Technical Reports

The ICICS/CS Reading Room

UBC CS TR-2012-03 Summary

Dimensionality Reduction in the Wild: Gaps and Guidance, June 26, 2012 Michael Sedlmair, Matthew Brehmer, Stephen Ingram and Tamara Munzner, 10 pages

Despite an abundance of technical literature on dimension reduction (DR), our understanding of how real data analysts are using DR techniques and what problems they face remains largely incomplete. In this paper, we contribute the first systematic and broad analysis of DR usage by a sample of real data analysts, along with their needs and problems. We present the results of a two-year qualitative research endeavor, in which we iteratively collected and analyzed a rich corpus of data in the spirit of grounded theory. We interviewed 24 data analysts from different domains and surveyed papers depicting applications of DR. The result is a descriptive taxonomy of DR usage, and concrete real-world usage examples summarized in terms of this taxonomy. We also identify seven gaps where user DR needs are unfulfilled by currently available techniques, and three mismatches where the users do not need offered techniques. At the heart of our taxonomy is a task classification that differentiates between abstract tasks related to point clusters and those related to dimensions.
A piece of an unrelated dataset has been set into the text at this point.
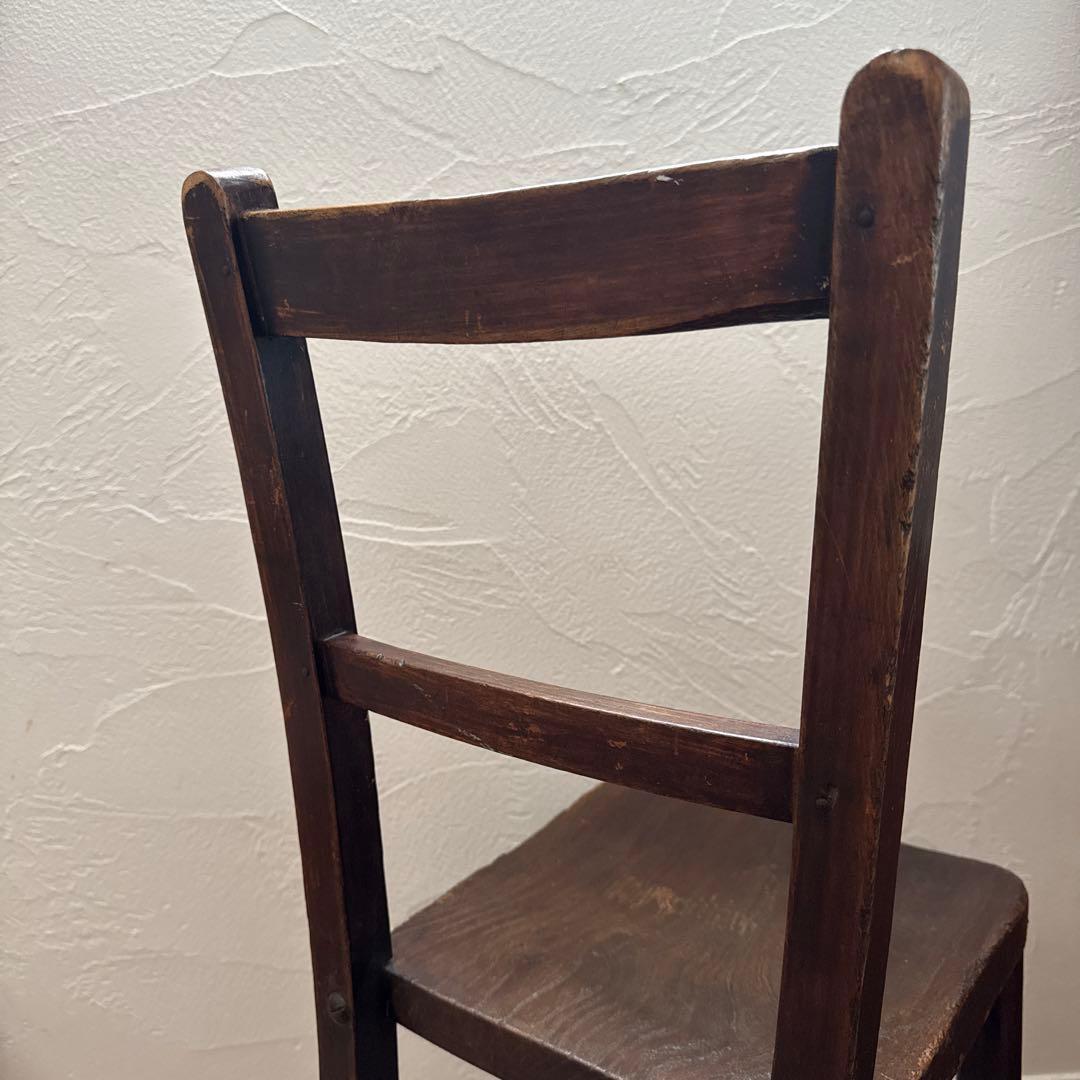 【お値下げ】イギリスアンティーク　チャイルドチェア　アンティークチェア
The taxonomy and usage examples are intended to provide a better descriptive understanding of real data analystsí practices and needs with regards to DR. The gaps are intended as prescriptive pointers to future research directions, with the most important gaps being a lack of support for users without expertise in the mathematics of DR, and an absence of DR techniques for comparing explicit groups of dimensions or for relating non-linear embeddings to original dimensions.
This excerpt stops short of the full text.